Still stuck at balancing on one foot. I can barely manage 30 seconds with eyes wide open and fixing my gaze on a nearby object. If I look away or even let my concentration falter, I start to fall over. Once the 30 seconds are up, I try closing my eyes, but usually I lose my balance in 3 seconds.

Finished the rest on the mat and that was it for me. At least my deadlifts didn’t s*ck.

The missus and I got out of the gym after 9 and our appointment with Kasey was at 11. After a breakfast of protein powder and an apple, recording my workout in my online log, and showers, we still got out to his place a few minutes early.

The little mother-in-law house on his property that he uses for an office was occupied by his youngest daughter and a friend, and I felt a little inhibited moaning and groaning with two older teens within earshot (not that they probably cared).

The wife went first, and all that walking she did in San Francisco must have taken its toll, because when Kasey was working her over…uh, worked on her, she laughed louder than usual (for some reason, that’s her reaction to being mangled by a chiropractor).

When it was my turn, I told him about my thigh/hip and knees.

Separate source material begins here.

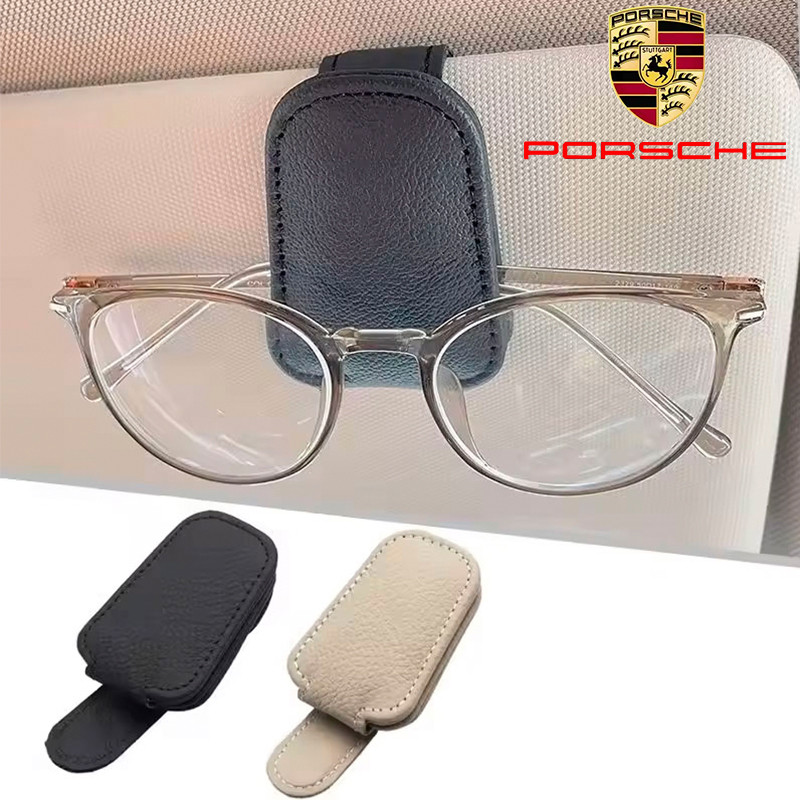 PORSCHE 911 718 PANAMERA CAYENNE MACAN TAYCAN 911 Carrera GTS คลิปเก็บแว่นตารถยนต์ หนัง PU แบบแม่เหล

He chose to work on the former. Interestingly enough, I’d also noticed some stiffness in my mid-right back but didn’t think it was a big deal. When he hit that area with his industrial strength vibrator, I thought I was being beaten by a jackhammer.

chiropractic spine
Credit: easewell.net

He also got the offending area on my left leg, something I think he called my “ATC” (I tried different search strings on Google, but no useful results), and oh yeah, it hurt.

Turns out though, this is the result of a shortened hamstring. Guess when you squat, if you don’t stretch things out again, they just get shorter. So I have a new Kasey and Chiropractor exercise to do to lengthen my hams.

Funny it’s only on one side, but I tend to be left-side dominant anyway. He also said my mid-right back spasmed and (for some reason) it’s connected to the leg issue.

Still no idea what’s going to happen on Wednesday/Thursday when I do back squats. I may have to eat this one for 5/3/1+ week and program in a deload for the following week just to give my hams a break.

Now that I’ve been adjusted with a vengeance and had lunch (and am composing this wee missive), I’m ready for a nap. But since my wife is back home, I don’t think I’m going to get one.

Wonder if I can sneak in another cup of coffee?

Don’t ever believe you have nothing to lose. There’s always something to be lost when you change something or try something new. Nothing is ever free. Not even experience.